Crawled caption data:
<<<<

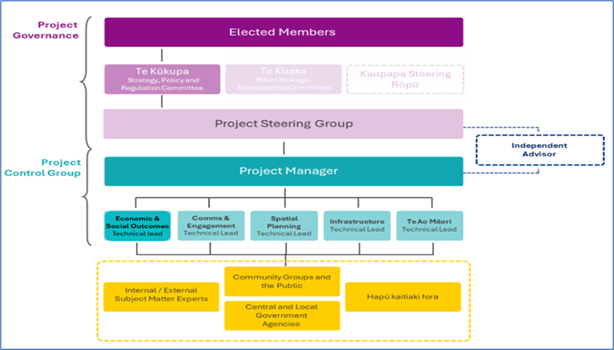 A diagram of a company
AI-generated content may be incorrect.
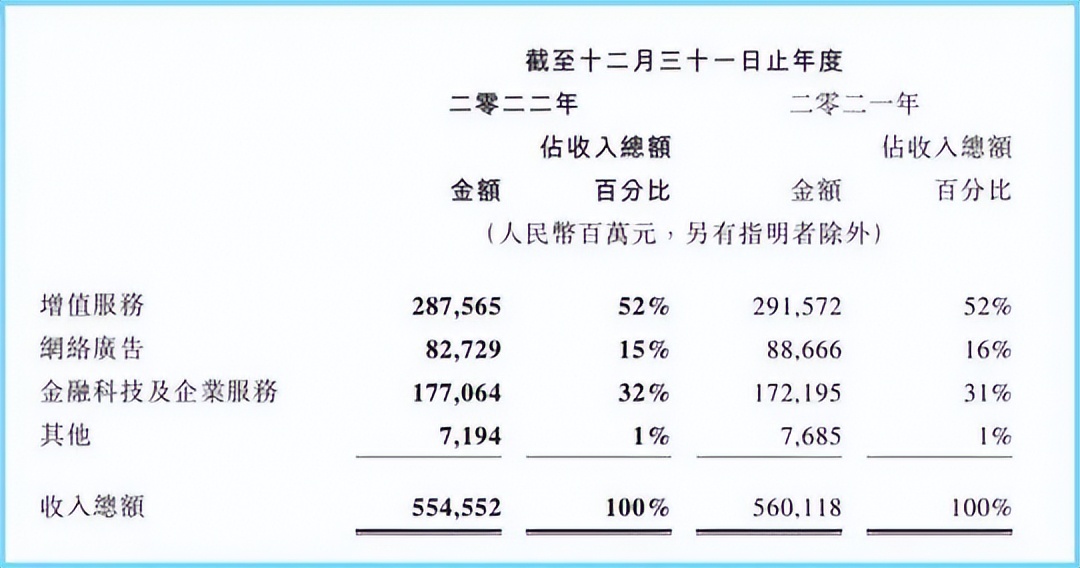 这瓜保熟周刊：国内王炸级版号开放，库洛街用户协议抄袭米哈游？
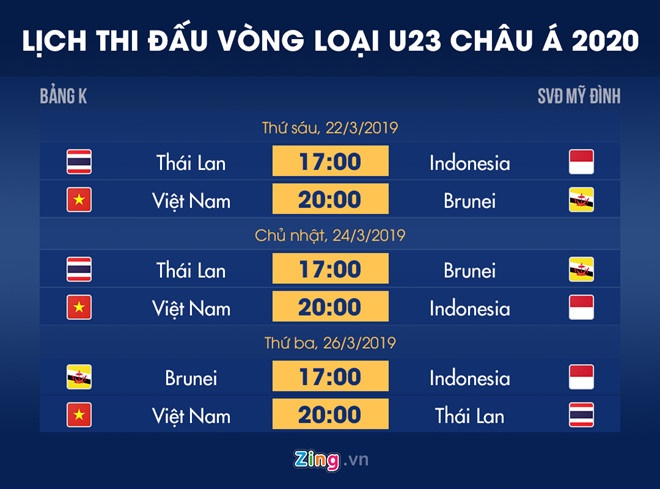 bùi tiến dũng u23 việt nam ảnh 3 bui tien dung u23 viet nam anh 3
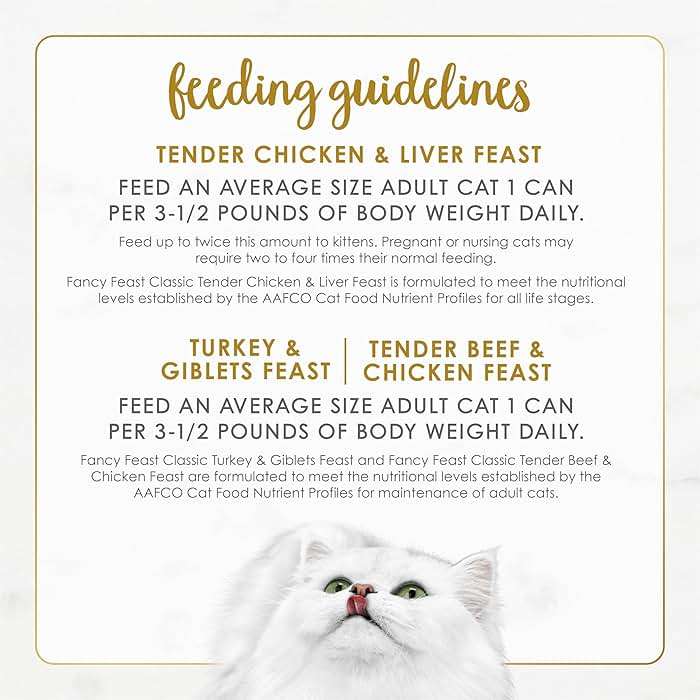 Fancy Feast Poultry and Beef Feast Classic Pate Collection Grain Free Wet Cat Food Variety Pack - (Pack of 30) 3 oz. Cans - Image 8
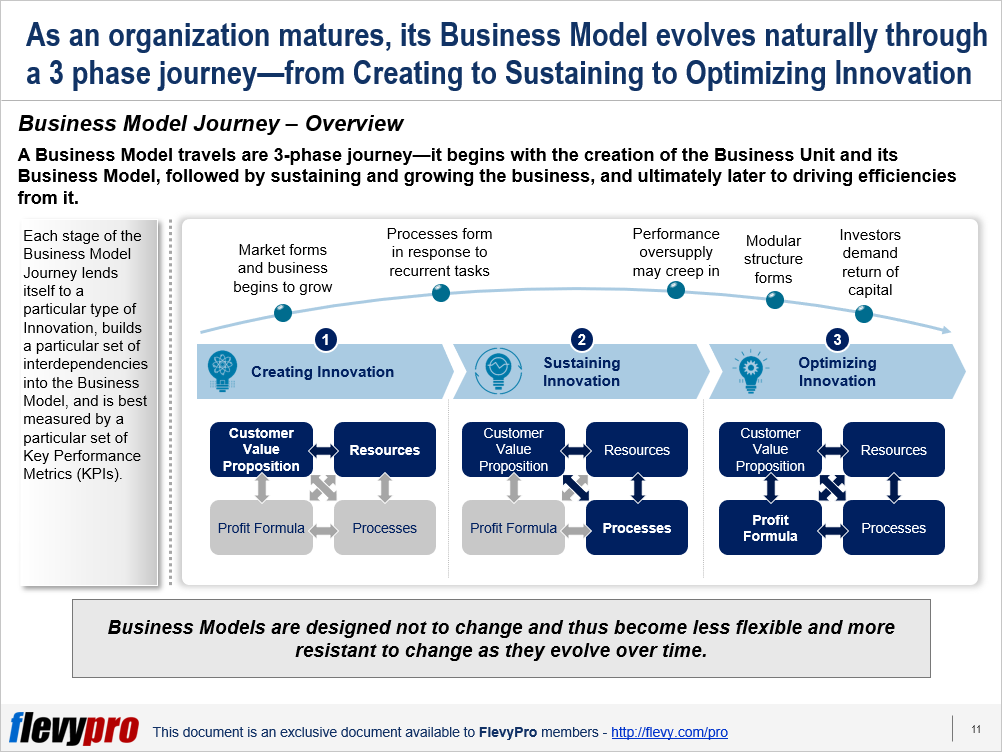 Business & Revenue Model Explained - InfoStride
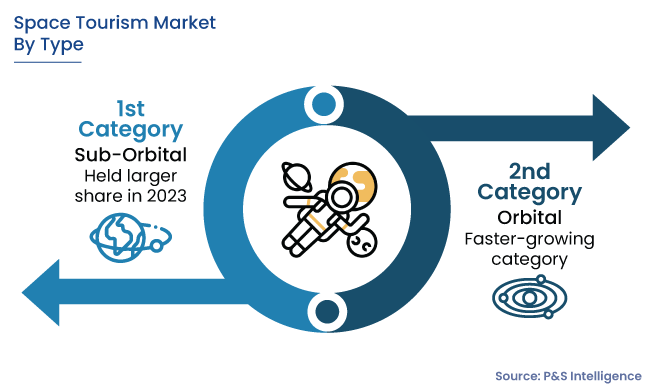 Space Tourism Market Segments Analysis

>>>>

=== The task ===
Without the pictures, repeat every record above exactly as written.

=== Exercise answer ===
 A diagram of a company
AI-generated content may be incorrect.
 这瓜保熟周刊：国内王炸级版号开放，库洛街用户协议抄袭米哈游？
 bùi tiến dũng u23 việt nam ảnh 3 bui tien dung u23 viet nam anh 3
 Fancy Feast Poultry and Beef Feast Classic Pate Collection Grain Free Wet Cat Food Variety Pack - (Pack of 30) 3 oz. Cans - Image 8
 Business & Revenue Model Explained - InfoStride
 Space Tourism Market Segments Analysis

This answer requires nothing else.